Directions » In the entries below, every line with the string "Funny" is to be reported.

Extracted data entries »
[Start of Attachment]

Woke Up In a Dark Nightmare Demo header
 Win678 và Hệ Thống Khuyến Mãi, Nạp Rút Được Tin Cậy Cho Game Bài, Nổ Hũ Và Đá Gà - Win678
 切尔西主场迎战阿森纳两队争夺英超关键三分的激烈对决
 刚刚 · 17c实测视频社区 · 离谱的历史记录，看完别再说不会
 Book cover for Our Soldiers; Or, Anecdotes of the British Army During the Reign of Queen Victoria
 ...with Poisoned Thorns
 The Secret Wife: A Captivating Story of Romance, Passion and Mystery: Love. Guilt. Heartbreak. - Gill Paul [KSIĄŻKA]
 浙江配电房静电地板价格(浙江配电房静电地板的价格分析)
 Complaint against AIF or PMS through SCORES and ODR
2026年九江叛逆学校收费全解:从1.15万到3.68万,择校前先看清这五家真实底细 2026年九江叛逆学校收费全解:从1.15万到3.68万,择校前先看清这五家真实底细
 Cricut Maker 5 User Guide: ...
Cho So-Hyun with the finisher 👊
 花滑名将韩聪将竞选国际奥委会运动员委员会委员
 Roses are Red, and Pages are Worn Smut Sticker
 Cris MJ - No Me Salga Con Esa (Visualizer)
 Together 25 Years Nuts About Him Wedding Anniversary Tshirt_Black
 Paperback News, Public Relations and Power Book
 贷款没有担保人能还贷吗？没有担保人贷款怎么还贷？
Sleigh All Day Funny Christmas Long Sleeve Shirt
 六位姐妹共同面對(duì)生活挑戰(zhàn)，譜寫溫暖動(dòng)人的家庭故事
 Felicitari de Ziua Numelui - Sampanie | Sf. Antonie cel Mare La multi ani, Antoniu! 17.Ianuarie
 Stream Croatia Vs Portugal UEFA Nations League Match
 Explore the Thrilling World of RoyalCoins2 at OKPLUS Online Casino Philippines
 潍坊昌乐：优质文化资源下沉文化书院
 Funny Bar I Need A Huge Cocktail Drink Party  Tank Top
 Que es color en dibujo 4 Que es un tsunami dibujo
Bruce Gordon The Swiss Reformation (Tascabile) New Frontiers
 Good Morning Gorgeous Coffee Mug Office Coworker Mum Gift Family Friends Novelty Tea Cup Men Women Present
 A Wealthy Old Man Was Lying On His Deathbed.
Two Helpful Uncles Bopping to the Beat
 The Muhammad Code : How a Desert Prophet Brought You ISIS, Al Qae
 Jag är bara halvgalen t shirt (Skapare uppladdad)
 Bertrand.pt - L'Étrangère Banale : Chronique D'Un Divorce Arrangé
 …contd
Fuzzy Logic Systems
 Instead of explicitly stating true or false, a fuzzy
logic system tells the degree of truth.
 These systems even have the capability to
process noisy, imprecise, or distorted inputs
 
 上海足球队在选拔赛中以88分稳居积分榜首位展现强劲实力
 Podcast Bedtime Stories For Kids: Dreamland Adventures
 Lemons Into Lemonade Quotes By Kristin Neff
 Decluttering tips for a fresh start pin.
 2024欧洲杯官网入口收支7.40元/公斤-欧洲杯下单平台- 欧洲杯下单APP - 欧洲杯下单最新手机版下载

[End of Attachment]

Worked solution »
Sleigh All Day Funny Christmas Long Sleeve Shirt
 Funny Bar I Need A Huge Cocktail Drink Party  Tank Top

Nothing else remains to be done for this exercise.